Archive for April, 2010

Toronto Freedom Festival-May 1st, 2010

Friday, April 30th, 2010

April 30, 2010 – GLOBAL MARIJUANA MARCH – On May 1 (not April 20th, as many assume), potheads around the city will unite for the flagship event of Toronto Freedom Festival: the Global Marijuana March (GMM). Although these marches take place in 200 cities worldwide, Toronto’s edition is the largest of its kind. The event is sponsored by Cannabis As Living Medicine (C.A.L.M.), which provided safe access to the drug for Canadians with significant medical need until it closed after a controversial raid by Toronto Police in March. Prior to this, C.A.L.M. was the oldest and largest compassion organization. As a result, according to the GMM website, 2,500 people are now without access to their medicine.
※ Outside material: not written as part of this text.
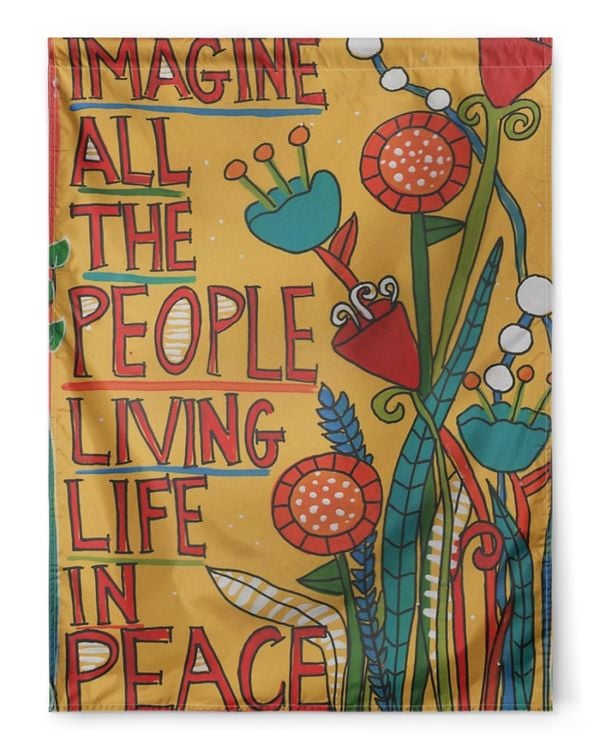 Imagine All The People Living Life In Peace Flag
The march, now in its 12th year, is a peaceful one. The route goes north from Queen’s Park to Bloor. It will then turn east onto Yonge Street, south to Wellesley and back west towards Queen’s Park for the 420 Countdown, which features DJ Muggs of Cypress Hill on the main stage. If you miss him then, catch him at the after-party at the Great Hall at midnight. The event will be grand-marshalled by Marc Emery. The march will also serve to raise awareness and support for preventing his extradition to the US for the drug distribution charge to which he’s already pleaded guilty.

People are expected to congregate around noon in Queen’s Park to get ready for the 2pm march. Last year over 20,000 people participated.

SPEAKER’S STAGE
The Toronto Freedom Festival’s Speaker’s Stage starts May 1 with a talk on Alternative Medicine from 12:30 to 2pm. Among the speakers is the young visionary, Darren Austin Hall, a practitioner of traditional Chinese medicine who aims to spread the core ideas about physical health and the inner world of psyche and spirit. Patrick Moughenda Mikala, a Shaman (healer) for over 25 years, uses ancient traditional African spiritual practices and specializes in the use of various plants and herbs to heal problems ranging from addiction issues to psychological traumas. Accompanying him is Julia Malone, an architectural designer and currently the director of the Iboga House, one of Mikala’s centres located in Costa Rica. Also speaking will be activist Marc-Boris Saint-Maurice, founder of the Bloc Pot, a provincial political party in Quebec that aims for the decriminalization and legalization of marijuana; Alison Myrden from the group Law Enforcement Against Prohibition; and Marco Renda, the editor-in-chief of Treating Yourself – The Alternative Medicine, a medical marijuana forum online.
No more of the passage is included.